From: Lee Revell <rlrevell@joe-job.com>
To: linux-kernel <linux-kernel@vger.kernel.org>
Cc: Ingo Molnar <mingo@elte.hu>, Hugh Dickins <hugh@veritas.com>,
Linus Torvalds <torvalds@osdl.org>
Subject: 2.6.15-rc5: latency regression vs 2.6.14 in exit_mmap->free_pgtables
Date: Tue, 27 Dec 2005 18:31:40 -0500 [thread overview]
Message-ID: <1135726300.22744.25.camel@mindpipe> (raw)
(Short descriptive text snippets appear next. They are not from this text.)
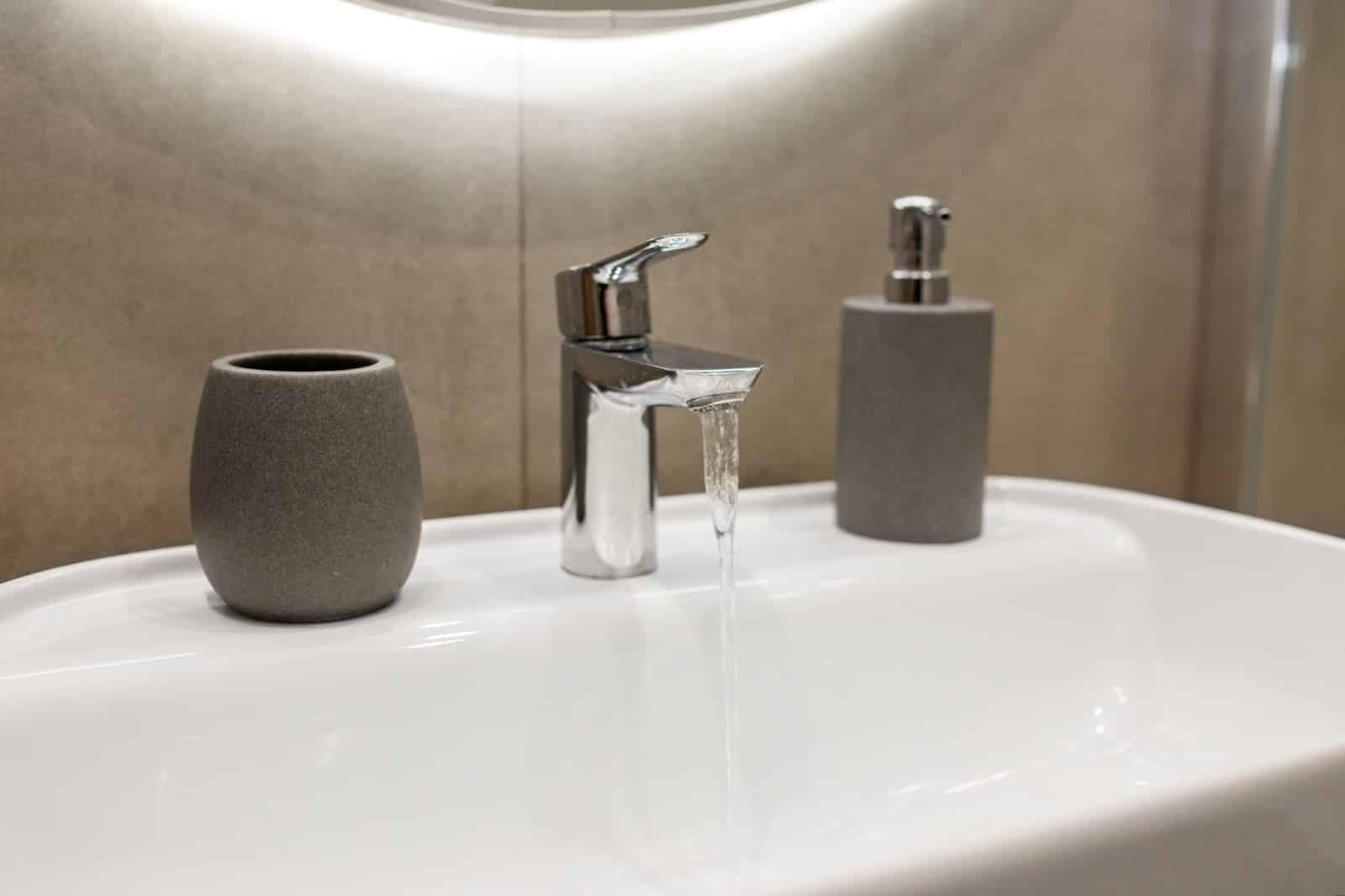 Sink faucet with a cup and soap dispenser. 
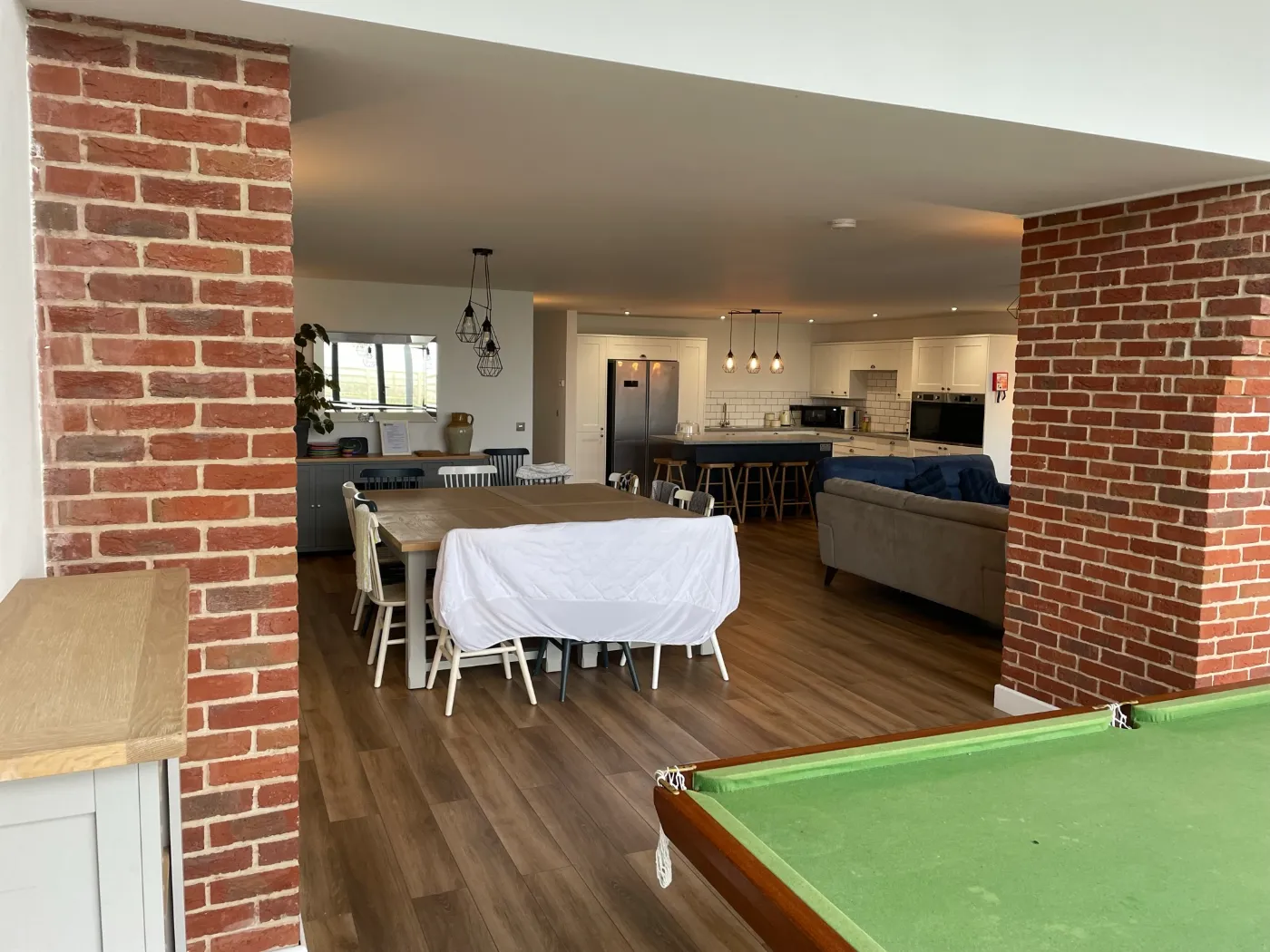 Open-plan barn conversion kitchen and dining room by Stellar Construction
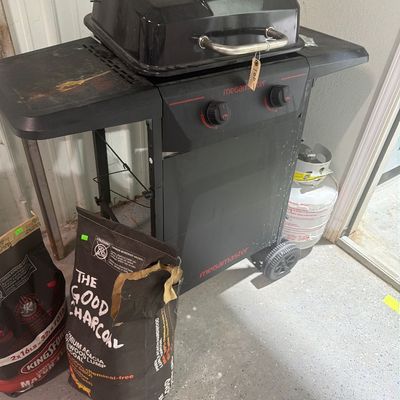 Sale Photo Thumbnail #174: Charcoal Grill with Charcoal and propane tank with a little in it.  And ICE Chest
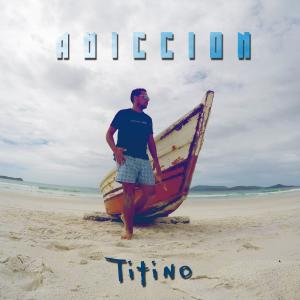 Listen to Adicción song with lyrics from Titino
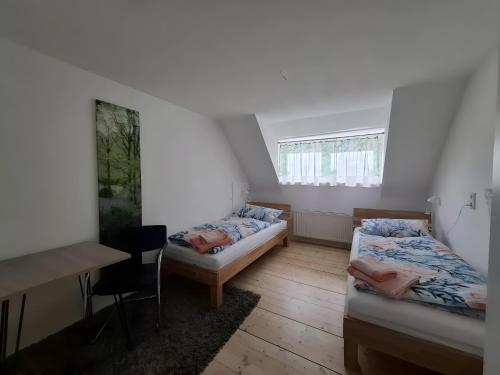 two beds in a room with a table and a desk at Ferienhaus Spes in Stockach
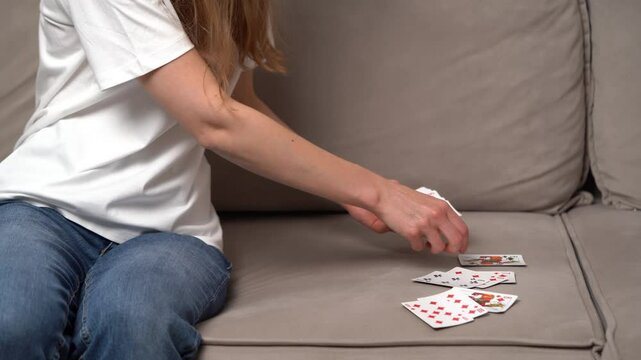 Young woman dealing classic cards from a deck for playing solitaire on the sofa. The concept of board card games, having fun, entertainment, poker.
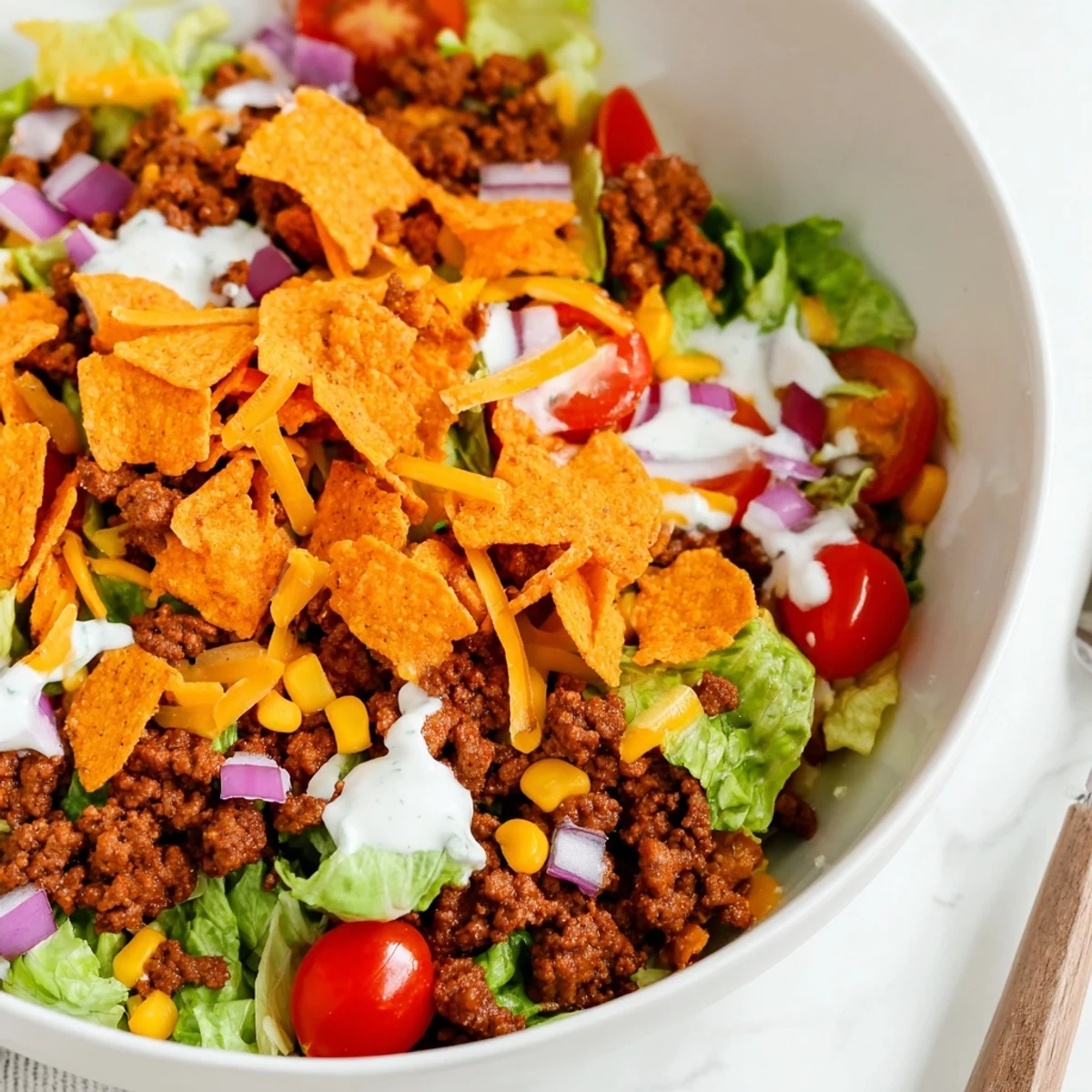 Colorful bowl of Simple Doritos Taco Salad with creamy ranch and juicy tomatoes
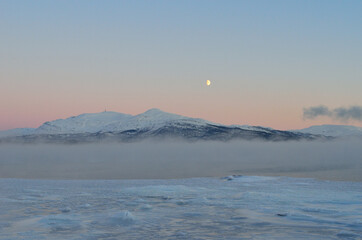 pink sunset sky and full moon over winter fjord with dense ice fog and reflection on water surface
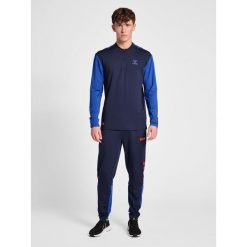 Jogging Hummel Pro Grid GK. Niebieskie krótkie spodenki sportowe męskie Hummel, l, bez wzorów, do biegania. Za 246.95 zł.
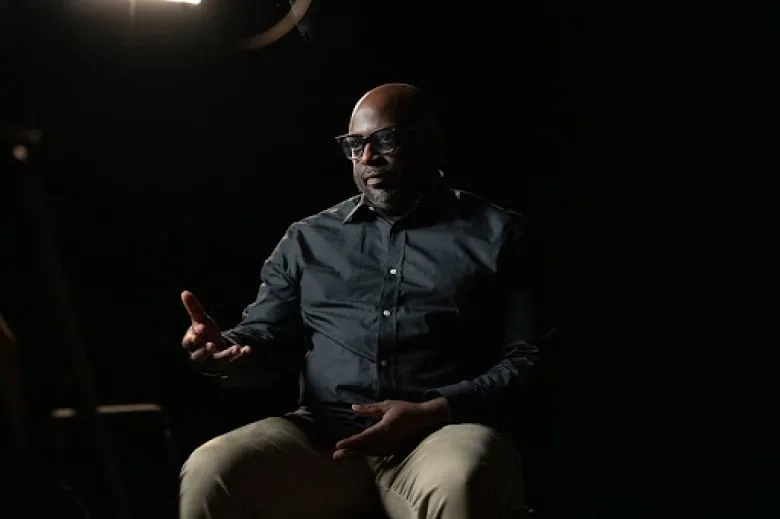 David Austin is seated in a chair while being interviewed.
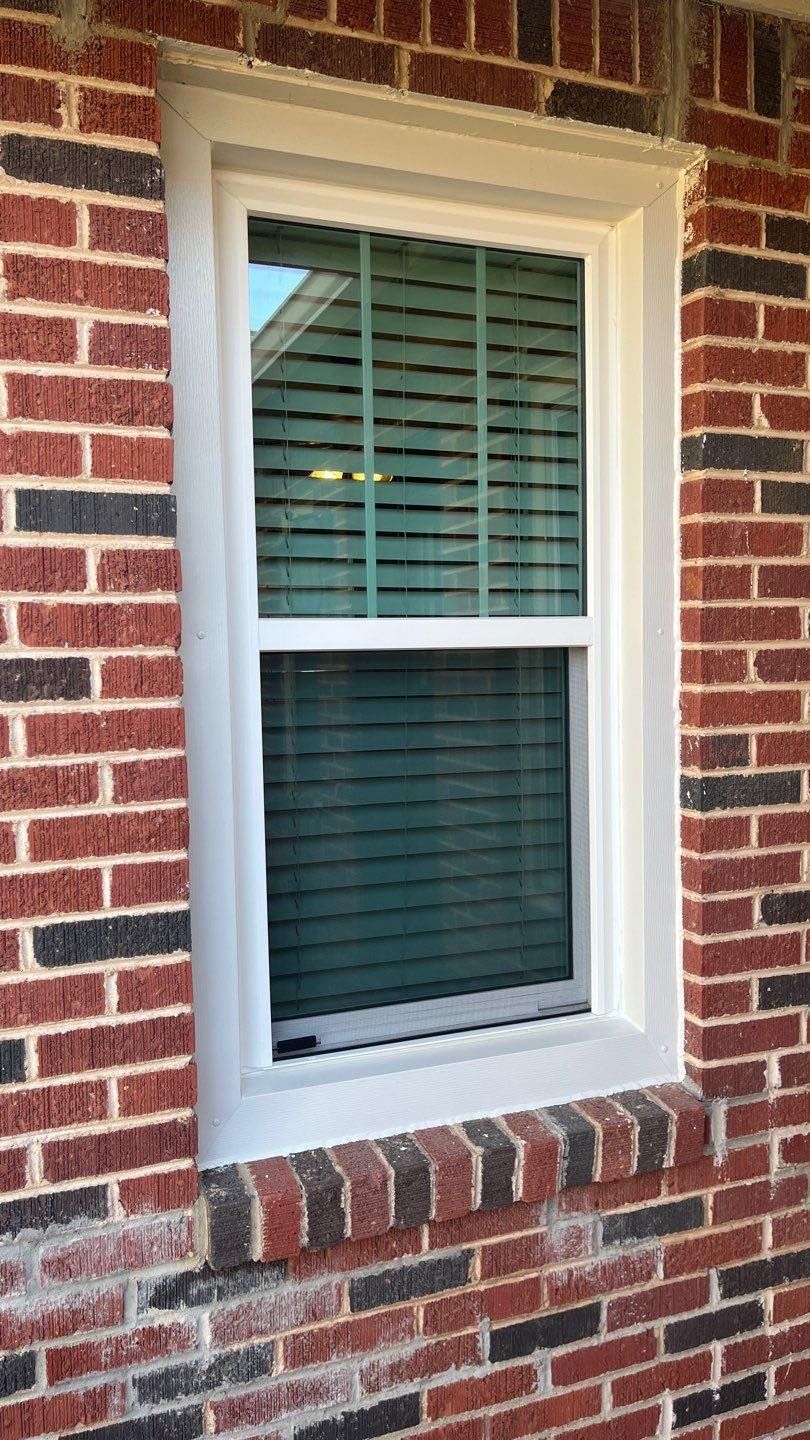 There is a window on the side of a brick building.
I am seeing excessive latencies (2ms+) in free_pgtables, called from
exit_mmap with 2.6.15-rc5. This is a significant regression from 2.6.14
where the maximum observed latency was less than 1ms with some tuning.
Here is the trace.
(Although the trace was captured with the -rt kernel I am only using it
for the instrumentation features - all preemption settings are the same
as mainline with PREEMPT)
preemption latency trace v1.1.5 on 2.6.15-rc5-rt4
--------------------------------------------------------------------
latency: 2267 us, #2632/2632, CPU#0 | (M:preempt VP:0, KP:0, SP:0 HP:0)
-----------------
| task: softirq-timer/0-3 (uid:0 nice:0 policy:1 rt_prio:1)
-----------------
_------=> CPU#
/ _-----=> irqs-off
| / _----=> need-resched
|| / _---=> hardirq/softirq
||| / _--=> preempt-depth
|||| /
||||| delay
cmd pid ||||| time | caller
\ / ||||| \ | /
evolutio-4728 0D.h2 0us : __trace_start_sched_wakeup (try_to_wake_up)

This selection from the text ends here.